Pinocchio prevale “perché è l’emblema stesso della politica che senza la bugia non può esistere, essendo per natura l’arte della dissimulazione”

  
“Il costante ricorso della politica alle fiabe”, dice Marino Niola, “non dipende soltanto dal loro fortissimo richiamo immaginale, ma anche perché sono il catalogo di tutte le tipologie umane e i loro richiami possono essere capiti da qualsiasi elettore, a differenza delle metafore poetiche e dei riferimenti letterari fruibili solo dal pubblico più colto”. Pinocchio prevale su tutte le altre storie “perché è l’emblema stesso della politica che senza la bugia non può esistere, essendo per natura l’arte della dissimulazione. Non è in politica che si trova la verità, ma se non altro gli appelli fiabeschi la rendono un po’ più piacevole”.

  
Chissà se sarebbe d’accordo Raffaele La Capria, che aggettivò Pinocchio come “l’italianissimo”, “l’unico vero, grande, e più completo personaggio della nostra letteratura”. Con avventure, personaggi e luoghi da metafora collettiva, per cui il Paese dei Balocchi è quello “dove si passa il tempo a non far nulla, tra fannulloni che vogliono solo divertirsi, e che soprattutto non vogliono mai lavorare”. E il Campo dei Miracoli è simbolo psicologico di chi s’illude “che da un momento all’altro tutto possa cambiare in meglio a causa di un evento improbabile che non abbiamo né preparato né contribuito a fare accadere con la nostra operosità e il nostro lavoro”. Continuando con righe come queste lo scivolone nel moralismo ci bracca a ogni capoverso, quindi ci fermiamo prima: magari al cospetto dell’algido Mario Draghi ancora governatore della Banca d’Italia, perché finì anche lui a far da Pinocchio secondo il quotidiano tedesco Handelsblatt (agosto 2011).
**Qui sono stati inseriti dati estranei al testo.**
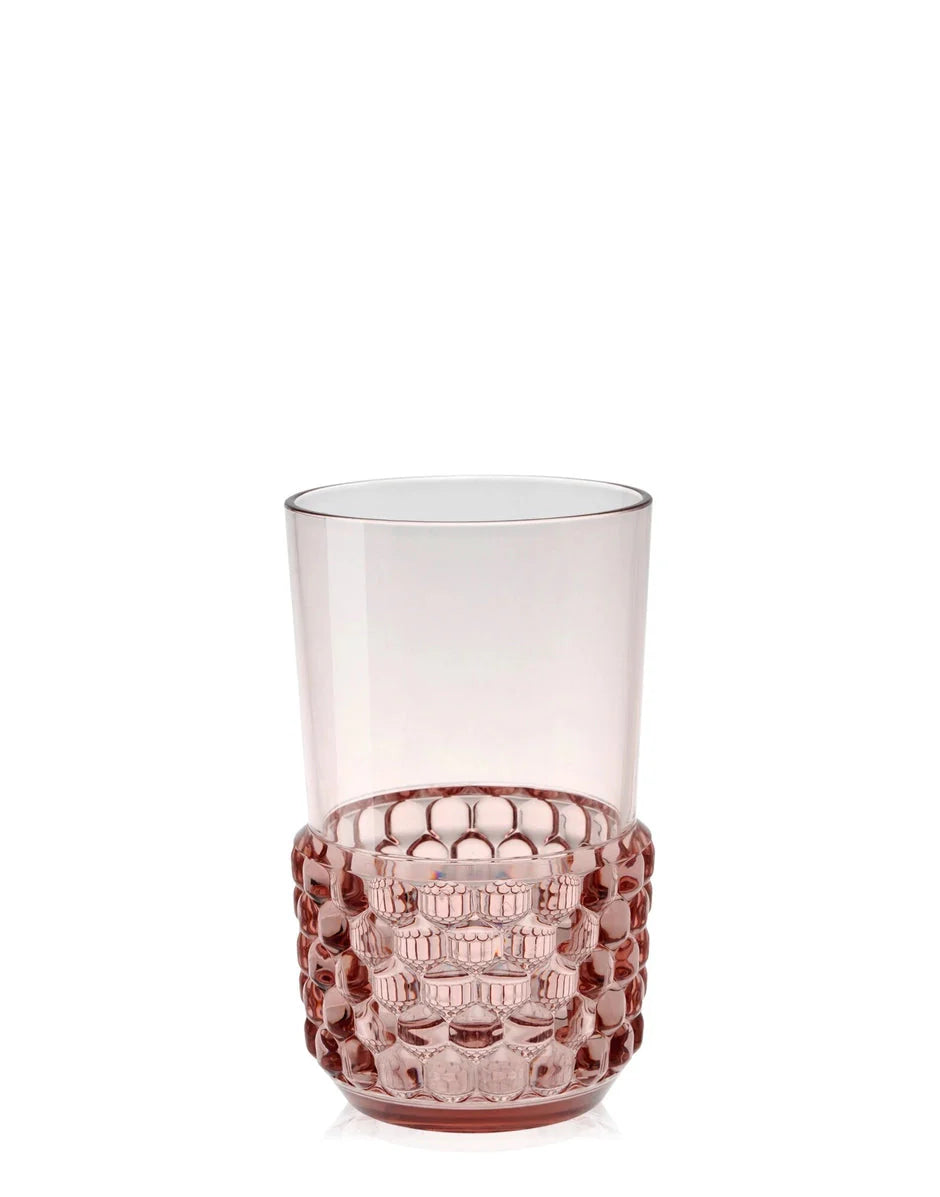 [product_category]-Kartell Jellies Family Set Of 4 Long Drink Glasses, Pink-Kartell-8058967196696-01491E9-KAR-2
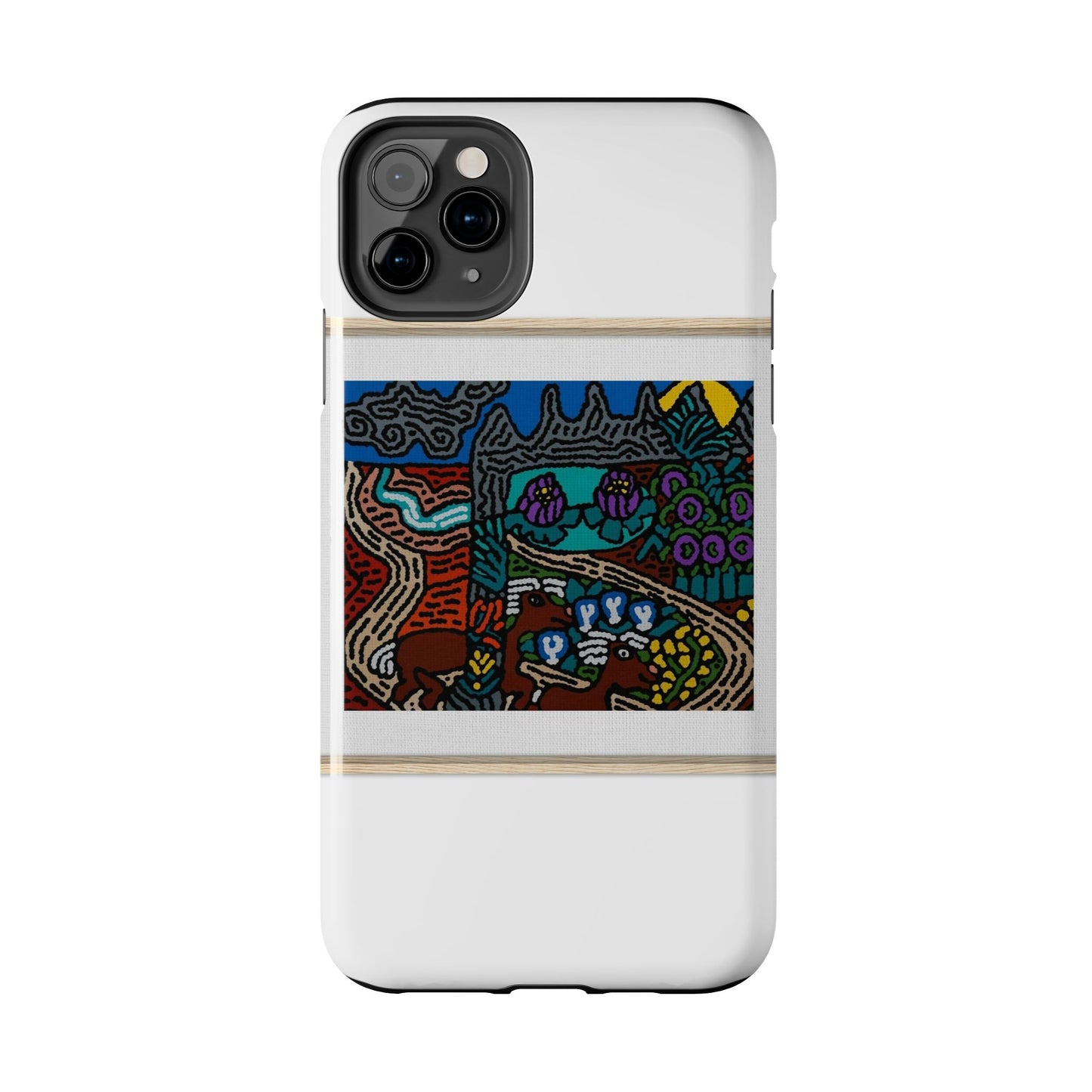 Road to a Sanctuary and Oasis Tough Phone Case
Proprio per avere dichiarato nei mesi precedenti, alla Frankfurter Allgemeine Zeitung, che “l’Italia non è un paese a rischio finanziario”. Ci fermiamo sì, anche perché ci crescerebbe il naso a consacrare quale autobiografia dell’italianità il libro di Collodi. Se è il più tradotto al mondo dopo la Sacra Bibbia questo è piuttosto segno che le avventure del burattino smuovono sentimenti più universali che nazionali, come per ogni rispettabile fiaba dai tempi del diluvio e al netto di coloriture storiche o geografiche.


Con buona pace della stampa germanica don Benedetto Croce, che pure talvolta aveva ragione, la ebbe certamente quando scrisse: “Il legno, in cui è tagliato Pinocchio, è l’umanità”.